EXERCISE GOAL: Please repeat every record exactly, leaving out any pictures.

(Image-text web data)
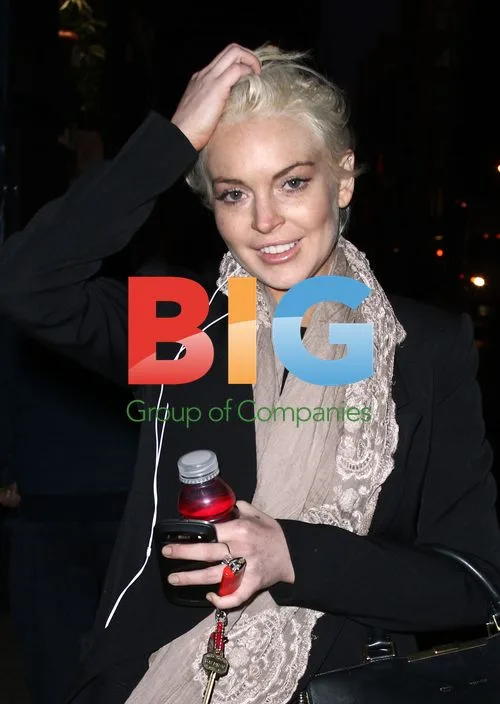 Lindsay Lohan Shopping in Soho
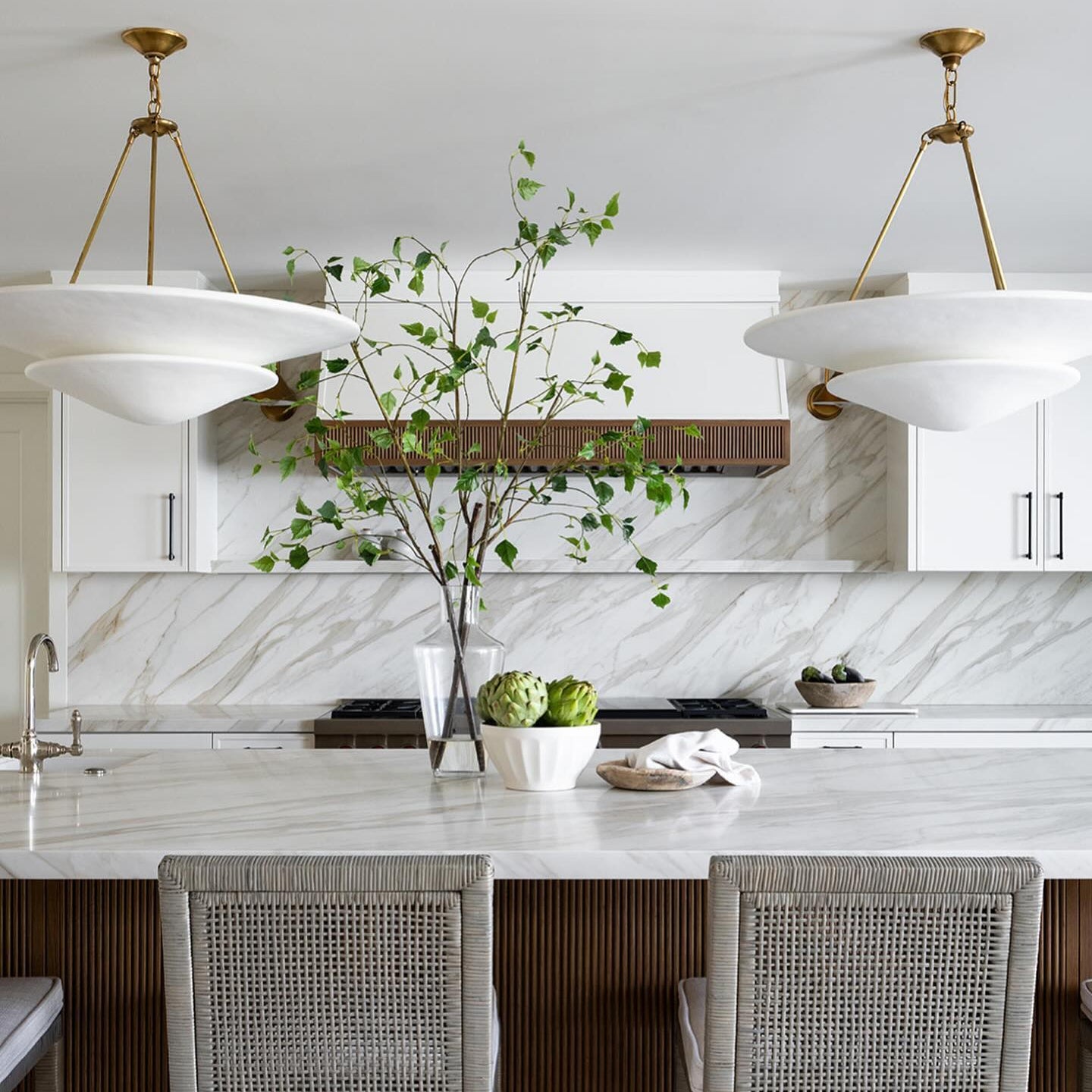 Avinisra Modern Minimalist Brass Chandelier - Letslighting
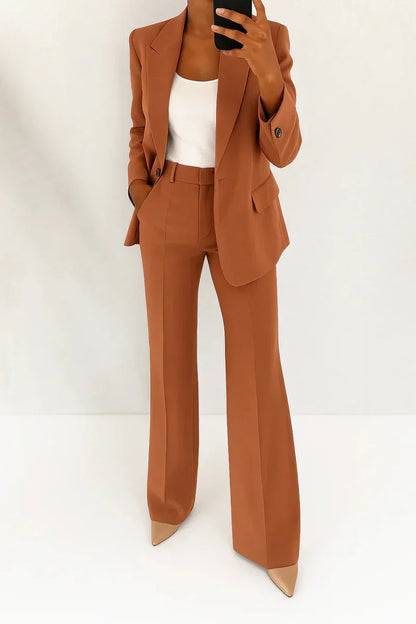 Roséline - Completo Professionale Due Pezzi per Donne, composto da un Blazer e un Pantalone, in versione Monocromatica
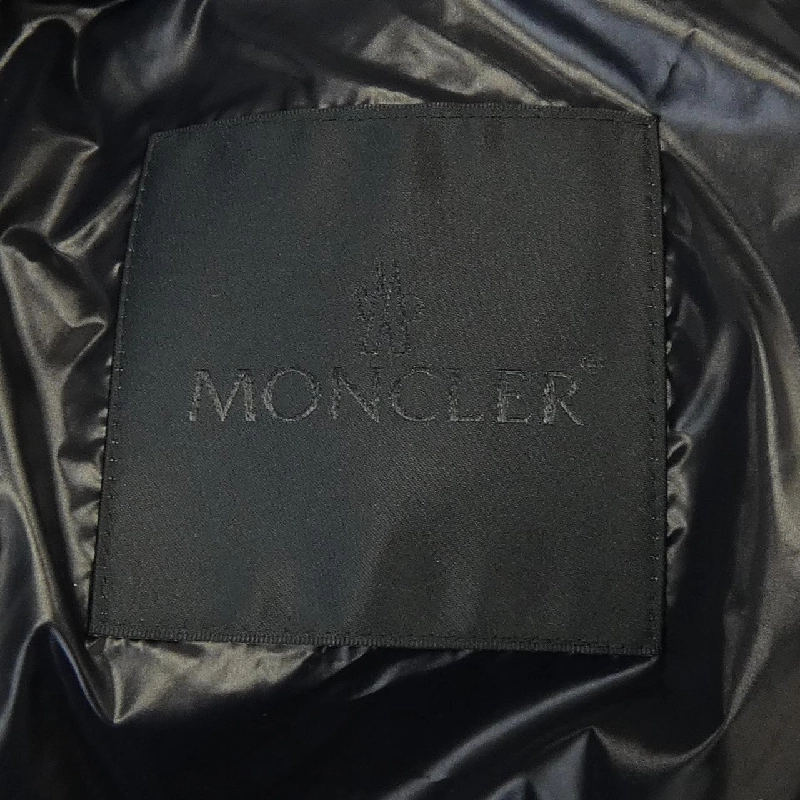 Áo khoác MONCLER 633474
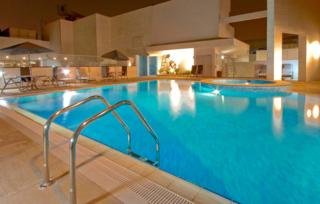 Pool
 di Ramada Chelsea Hotel Al Barsha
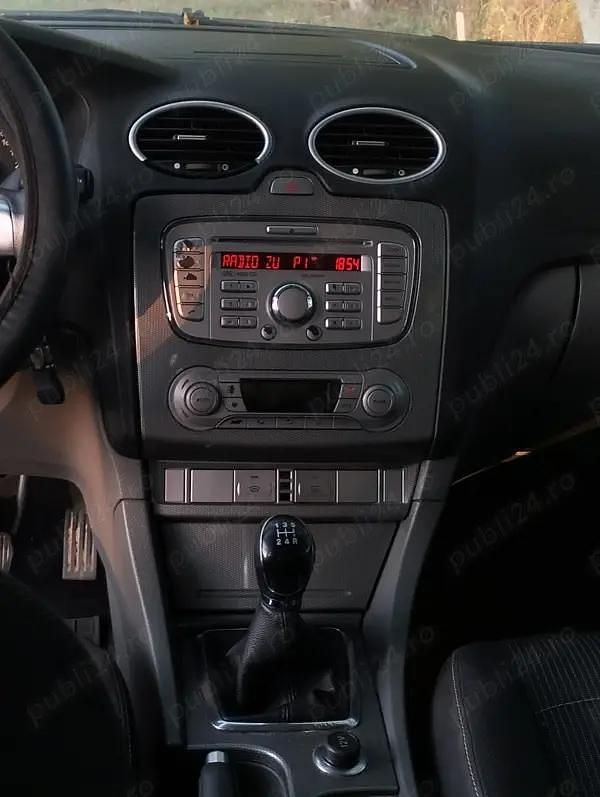 Utilizat 2007 Ford Focus Break | 2.700 EUR (Preț OK) - Imagine 1/4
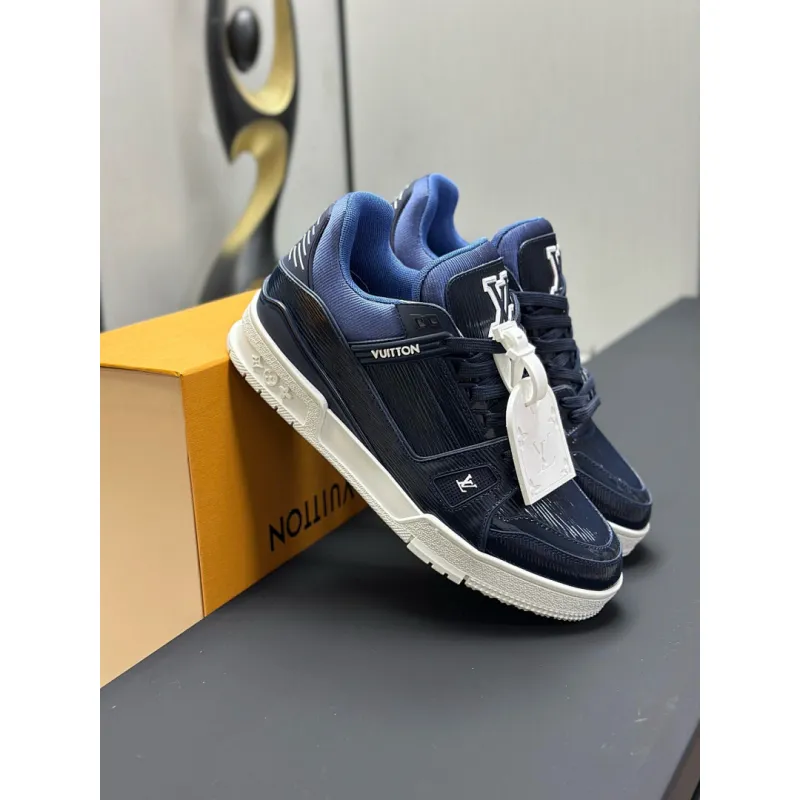 Louis Vuitton Shoes for Louis Vuitton Unisex Shoes #A62090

ANSWER:
 Lindsay Lohan Shopping in Soho
 Avinisra Modern Minimalist Brass Chandelier - Letslighting
 Roséline - Completo Professionale Due Pezzi per Donne, composto da un Blazer e un Pantalone, in versione Monocromatica
 Áo khoác MONCLER 633474
 Pool
 di Ramada Chelsea Hotel Al Barsha
 Utilizat 2007 Ford Focus Break | 2.700 EUR (Preț OK) - Imagine 1/4
 Louis Vuitton Shoes for Louis Vuitton Unisex Shoes #A62090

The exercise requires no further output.